Therefore, the above-mentioned different scenarios of haptic feedback or also various combinations thereof may help the runner to improve the running technique, increase the efficiency of running or running speed, help to recover, reduce the risk of injuries and/or also reduce the amount of energy lost due to poor/non-optimised landing and roll-off behaviour while running.
In an embodiment, the loose particles may comprise an expanded material, in particular expanded thermoplastic polyurethane (eTPU). Other expanded materials as described above with reference to expanded materials fused at their surfaces may also be applicable for the loose expanded particles. Loose expanded material provides similar to fused expanded material good cushioning and a high elasticity. Such characteristics provide various benefits in using expanded material for soles, as already described above. Furthermore, loose particles of expanded material are quiet in their movement. In addition, if the expanded material comprises TPU, the surface of the loose eTPU particles may feature a certain stickiness/roughness so that the particles may stay predominantly in place increasing the haptic sensation.

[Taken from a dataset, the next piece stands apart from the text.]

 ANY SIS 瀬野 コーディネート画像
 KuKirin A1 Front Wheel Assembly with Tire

In an embodiment of the present invention, the loose particles may comprise metal or hard material. It is well known that metal comprises a relatively high specific weight compared to standard materials used for manufacture of soles, such as for example plastics or rubber materials. It is also known that loose particles are able to move freely within the provided boundaries. By combining both characteristics and thus using loose metal particles within a sole component, a haptic sensation of the shoe may be created which may specifically feedback information regarding a change in momentum or a change in direction of motion of the shoe. It may be noted that a combination and/or mixture of loose particles comprising an expanded material and loose particles comprising metal or hard material within the same sole component may be possible.

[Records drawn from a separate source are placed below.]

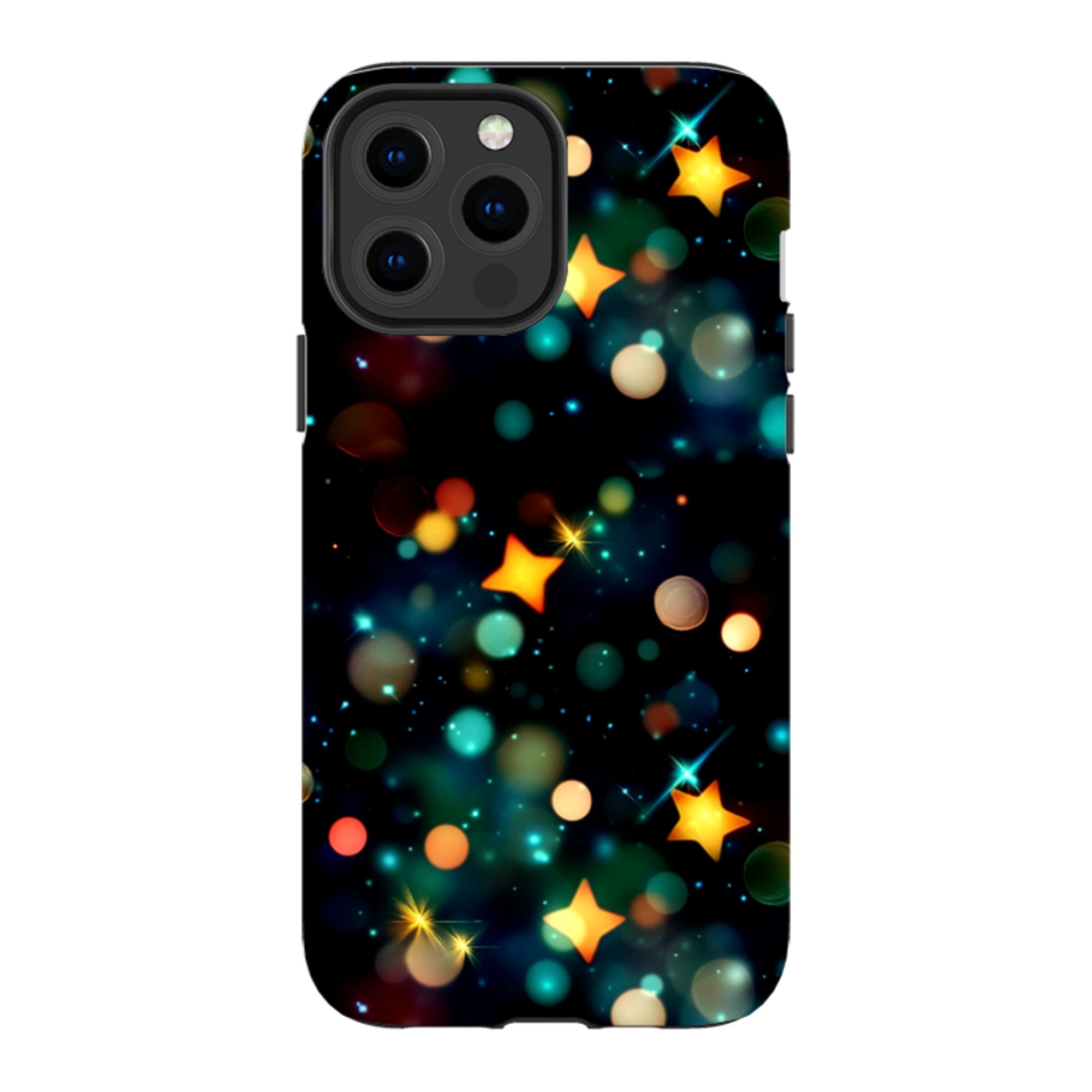 iPhone Tough Case -Spring Stars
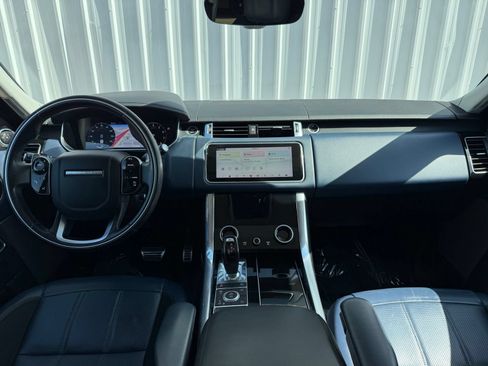 Used 2020 Land Rover Range Rover Sport HSE Dynamic AWD/4WD image 13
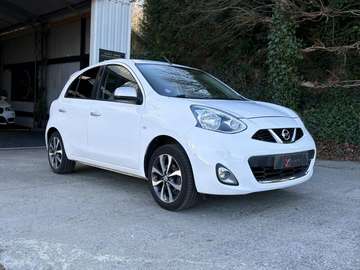 Micra 1.2i Connect Edition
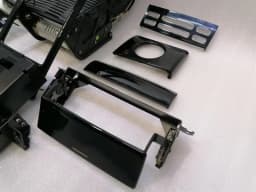 BENTLEY BENTLEY ARNAGE T BLACK Veneer Bar Cover NO START STOP SWITCH- — thumbnail 6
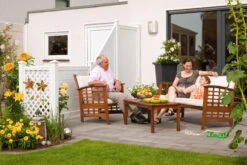 TraumGarten Longlife Riva 1800 X 1800 Mm -GartenWelt Günstiges Geschäft snam riva weis s 15 2 jpg 3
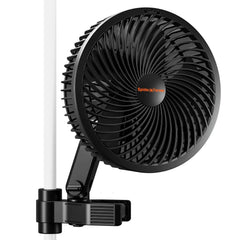 Spider Farmer G5000 x 2 LED Grow Lights + 4' x 8' Grow Tent + 6" Inline Fan Combo with Temperature and Humidity Controller + 6" Clip Fan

In an embodiment, the loose particles may generally be spherical or ellipsoid in shape. A mixture of spherical and ellipsoid loose particles may also be beneficial. As the loose particles of the present invention are intended to provide haptic feedback to a user of the sole during an athletic activity, an almost direct contact between the user's foot and the loose particles may occur. Thus, using generally spherical or ellipsoidal shaped loose particles may prevent the user from discomfort, pain or even injuries while running, as sharp edges and corners are prevented. Furthermore, as the loose particles according to the present invention should be able to essentially freely move around within, for example, a cavity of the sole component, spherical or ellipsoid shapes may improve this behaviour because no sharp corners or edges of one loose particle may get caught on corners or edges of another loose particle.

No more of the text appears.